TASK REQUIREMENTS: For the data below, give again exactly the lines from the one containing "Porsche Panamera 4 2018" through the one containing "Dam elegant cardigan", both ends included, and no others.

Short text fragments from websites:
──────────────────────────────
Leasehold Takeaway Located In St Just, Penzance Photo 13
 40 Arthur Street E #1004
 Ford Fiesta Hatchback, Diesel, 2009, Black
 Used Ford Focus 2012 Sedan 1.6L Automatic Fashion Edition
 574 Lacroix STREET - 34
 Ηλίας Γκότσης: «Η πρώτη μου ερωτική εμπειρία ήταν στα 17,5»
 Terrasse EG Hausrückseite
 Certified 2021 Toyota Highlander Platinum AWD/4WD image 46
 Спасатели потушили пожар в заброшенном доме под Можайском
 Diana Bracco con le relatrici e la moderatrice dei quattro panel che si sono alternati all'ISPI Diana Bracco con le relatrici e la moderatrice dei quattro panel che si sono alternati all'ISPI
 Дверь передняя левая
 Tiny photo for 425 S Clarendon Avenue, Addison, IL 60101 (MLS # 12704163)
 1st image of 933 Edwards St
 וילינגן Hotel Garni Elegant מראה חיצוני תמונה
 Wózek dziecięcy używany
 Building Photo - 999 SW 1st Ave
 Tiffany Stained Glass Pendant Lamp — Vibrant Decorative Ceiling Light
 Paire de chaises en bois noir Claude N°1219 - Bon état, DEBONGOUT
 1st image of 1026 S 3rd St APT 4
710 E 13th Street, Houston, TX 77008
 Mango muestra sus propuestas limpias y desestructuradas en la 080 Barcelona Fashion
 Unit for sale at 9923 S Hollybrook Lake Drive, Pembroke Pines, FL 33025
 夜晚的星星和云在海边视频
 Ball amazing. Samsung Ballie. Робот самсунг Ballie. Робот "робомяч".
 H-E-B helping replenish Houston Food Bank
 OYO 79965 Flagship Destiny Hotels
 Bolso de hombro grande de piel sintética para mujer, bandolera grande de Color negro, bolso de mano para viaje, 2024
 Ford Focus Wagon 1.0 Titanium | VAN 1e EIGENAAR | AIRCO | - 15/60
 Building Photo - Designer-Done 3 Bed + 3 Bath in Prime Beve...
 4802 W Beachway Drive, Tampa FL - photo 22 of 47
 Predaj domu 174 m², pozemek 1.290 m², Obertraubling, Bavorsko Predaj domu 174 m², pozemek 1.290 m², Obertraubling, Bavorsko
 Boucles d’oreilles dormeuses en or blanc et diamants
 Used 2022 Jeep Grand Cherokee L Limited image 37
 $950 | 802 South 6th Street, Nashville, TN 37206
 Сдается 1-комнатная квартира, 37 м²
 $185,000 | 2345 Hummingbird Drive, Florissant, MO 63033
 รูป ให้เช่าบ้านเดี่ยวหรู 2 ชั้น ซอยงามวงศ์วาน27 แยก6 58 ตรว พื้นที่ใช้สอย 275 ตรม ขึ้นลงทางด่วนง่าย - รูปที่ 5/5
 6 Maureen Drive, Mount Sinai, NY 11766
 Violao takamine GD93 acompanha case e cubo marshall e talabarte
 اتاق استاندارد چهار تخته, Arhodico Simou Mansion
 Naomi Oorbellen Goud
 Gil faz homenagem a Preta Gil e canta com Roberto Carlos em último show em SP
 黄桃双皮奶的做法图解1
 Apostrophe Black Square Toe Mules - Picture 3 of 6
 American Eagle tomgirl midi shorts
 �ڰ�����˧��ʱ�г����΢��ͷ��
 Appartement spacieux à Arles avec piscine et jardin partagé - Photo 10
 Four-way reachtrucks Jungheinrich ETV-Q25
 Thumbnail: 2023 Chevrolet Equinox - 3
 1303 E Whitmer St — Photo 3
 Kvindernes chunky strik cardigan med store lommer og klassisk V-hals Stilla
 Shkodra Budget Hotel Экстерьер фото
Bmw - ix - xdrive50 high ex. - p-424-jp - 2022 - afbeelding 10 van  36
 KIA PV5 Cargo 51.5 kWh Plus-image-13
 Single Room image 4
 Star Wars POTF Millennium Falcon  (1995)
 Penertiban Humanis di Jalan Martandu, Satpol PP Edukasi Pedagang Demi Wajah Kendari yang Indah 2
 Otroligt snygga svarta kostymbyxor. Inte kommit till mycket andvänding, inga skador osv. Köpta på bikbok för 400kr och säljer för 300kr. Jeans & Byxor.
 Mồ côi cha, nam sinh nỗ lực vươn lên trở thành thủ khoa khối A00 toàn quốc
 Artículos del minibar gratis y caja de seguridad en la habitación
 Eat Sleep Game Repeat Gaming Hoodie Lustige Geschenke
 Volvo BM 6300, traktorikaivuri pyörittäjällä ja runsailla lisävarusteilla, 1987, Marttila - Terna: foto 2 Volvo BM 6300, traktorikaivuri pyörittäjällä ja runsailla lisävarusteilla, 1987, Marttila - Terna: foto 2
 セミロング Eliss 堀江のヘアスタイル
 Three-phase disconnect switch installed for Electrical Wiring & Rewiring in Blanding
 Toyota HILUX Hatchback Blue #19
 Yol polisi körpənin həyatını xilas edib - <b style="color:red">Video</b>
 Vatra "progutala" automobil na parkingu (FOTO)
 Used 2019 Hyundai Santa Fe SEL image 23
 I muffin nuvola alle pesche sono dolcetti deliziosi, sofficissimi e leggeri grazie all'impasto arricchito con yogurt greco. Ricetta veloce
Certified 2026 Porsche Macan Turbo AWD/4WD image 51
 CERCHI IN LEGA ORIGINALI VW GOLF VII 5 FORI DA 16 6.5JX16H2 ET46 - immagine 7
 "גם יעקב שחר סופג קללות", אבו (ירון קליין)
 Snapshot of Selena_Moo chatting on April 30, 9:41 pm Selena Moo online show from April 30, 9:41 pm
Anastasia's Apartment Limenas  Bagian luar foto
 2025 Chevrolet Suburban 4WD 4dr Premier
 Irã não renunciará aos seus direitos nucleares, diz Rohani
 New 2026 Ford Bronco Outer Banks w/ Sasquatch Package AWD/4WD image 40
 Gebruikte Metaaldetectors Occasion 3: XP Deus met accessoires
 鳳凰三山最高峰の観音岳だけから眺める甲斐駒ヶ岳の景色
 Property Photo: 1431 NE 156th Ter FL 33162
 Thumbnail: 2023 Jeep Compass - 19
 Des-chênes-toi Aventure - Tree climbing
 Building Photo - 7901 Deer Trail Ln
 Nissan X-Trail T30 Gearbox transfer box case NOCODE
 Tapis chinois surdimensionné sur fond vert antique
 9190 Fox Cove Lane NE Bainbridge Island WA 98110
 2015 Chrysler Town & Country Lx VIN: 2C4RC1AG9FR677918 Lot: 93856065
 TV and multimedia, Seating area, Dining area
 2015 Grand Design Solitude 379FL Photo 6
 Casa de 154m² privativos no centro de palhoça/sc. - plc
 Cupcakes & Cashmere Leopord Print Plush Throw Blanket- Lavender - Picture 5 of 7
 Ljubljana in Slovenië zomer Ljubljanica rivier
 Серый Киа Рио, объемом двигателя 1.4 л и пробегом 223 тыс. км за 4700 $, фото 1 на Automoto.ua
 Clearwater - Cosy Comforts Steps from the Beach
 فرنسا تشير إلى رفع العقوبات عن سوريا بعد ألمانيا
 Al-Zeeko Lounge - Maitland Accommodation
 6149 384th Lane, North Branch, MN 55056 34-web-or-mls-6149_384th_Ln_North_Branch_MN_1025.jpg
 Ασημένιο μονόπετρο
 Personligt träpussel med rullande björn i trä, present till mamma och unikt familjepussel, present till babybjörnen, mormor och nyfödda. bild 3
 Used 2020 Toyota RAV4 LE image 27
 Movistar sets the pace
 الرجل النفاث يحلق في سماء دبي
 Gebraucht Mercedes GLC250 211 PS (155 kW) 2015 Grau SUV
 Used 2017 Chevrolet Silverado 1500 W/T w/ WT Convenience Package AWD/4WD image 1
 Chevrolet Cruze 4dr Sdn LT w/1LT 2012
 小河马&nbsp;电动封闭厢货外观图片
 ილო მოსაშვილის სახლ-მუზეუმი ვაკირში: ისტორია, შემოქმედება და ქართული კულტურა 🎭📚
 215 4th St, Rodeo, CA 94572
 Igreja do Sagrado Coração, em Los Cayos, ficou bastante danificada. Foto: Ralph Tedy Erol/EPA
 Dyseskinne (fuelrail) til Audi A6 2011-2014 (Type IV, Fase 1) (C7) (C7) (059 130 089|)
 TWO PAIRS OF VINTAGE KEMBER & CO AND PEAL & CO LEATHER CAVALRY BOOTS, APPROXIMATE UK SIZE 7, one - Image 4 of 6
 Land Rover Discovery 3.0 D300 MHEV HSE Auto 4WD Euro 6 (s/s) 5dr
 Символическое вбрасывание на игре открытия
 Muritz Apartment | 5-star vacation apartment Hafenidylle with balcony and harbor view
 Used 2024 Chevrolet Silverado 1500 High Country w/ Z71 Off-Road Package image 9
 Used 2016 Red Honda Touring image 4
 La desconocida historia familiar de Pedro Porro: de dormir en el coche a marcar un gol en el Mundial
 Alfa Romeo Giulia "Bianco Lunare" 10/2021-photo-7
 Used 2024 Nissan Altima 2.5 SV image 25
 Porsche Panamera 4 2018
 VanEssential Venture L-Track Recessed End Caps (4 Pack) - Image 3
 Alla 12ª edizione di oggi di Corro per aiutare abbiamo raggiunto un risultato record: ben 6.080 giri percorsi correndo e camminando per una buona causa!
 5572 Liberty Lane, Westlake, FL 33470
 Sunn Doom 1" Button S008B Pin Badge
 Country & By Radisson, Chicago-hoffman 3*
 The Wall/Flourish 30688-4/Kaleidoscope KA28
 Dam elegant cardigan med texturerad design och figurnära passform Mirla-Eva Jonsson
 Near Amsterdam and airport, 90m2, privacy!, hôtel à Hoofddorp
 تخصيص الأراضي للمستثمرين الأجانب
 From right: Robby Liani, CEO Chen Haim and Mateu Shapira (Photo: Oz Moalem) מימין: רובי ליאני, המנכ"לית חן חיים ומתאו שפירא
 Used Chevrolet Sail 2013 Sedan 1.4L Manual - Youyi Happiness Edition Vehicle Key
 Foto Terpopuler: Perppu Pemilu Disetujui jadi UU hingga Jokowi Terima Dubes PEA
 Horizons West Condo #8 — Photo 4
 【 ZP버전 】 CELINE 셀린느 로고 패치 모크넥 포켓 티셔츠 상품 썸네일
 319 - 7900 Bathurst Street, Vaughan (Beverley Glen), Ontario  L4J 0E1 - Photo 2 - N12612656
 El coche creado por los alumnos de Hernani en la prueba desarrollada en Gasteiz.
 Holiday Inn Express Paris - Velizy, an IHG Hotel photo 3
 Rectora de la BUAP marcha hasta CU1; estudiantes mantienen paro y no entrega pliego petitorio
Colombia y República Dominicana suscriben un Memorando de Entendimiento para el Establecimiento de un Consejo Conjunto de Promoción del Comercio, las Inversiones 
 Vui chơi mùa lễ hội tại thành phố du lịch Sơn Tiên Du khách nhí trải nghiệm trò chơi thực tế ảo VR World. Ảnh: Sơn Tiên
──────────────────────────────
FINAL ANSWER:
 Porsche Panamera 4 2018
 VanEssential Venture L-Track Recessed End Caps (4 Pack) - Image 3
 Alla 12ª edizione di oggi di Corro per aiutare abbiamo raggiunto un risultato record: ben 6.080 giri percorsi correndo e camminando per una buona causa!
 5572 Liberty Lane, Westlake, FL 33470
 Sunn Doom 1" Button S008B Pin Badge
 Country & By Radisson, Chicago-hoffman 3*
 The Wall/Flourish 30688-4/Kaleidoscope KA28
 Dam elegant cardigan med texturerad design och figurnära passform Mirla-Eva Jonsson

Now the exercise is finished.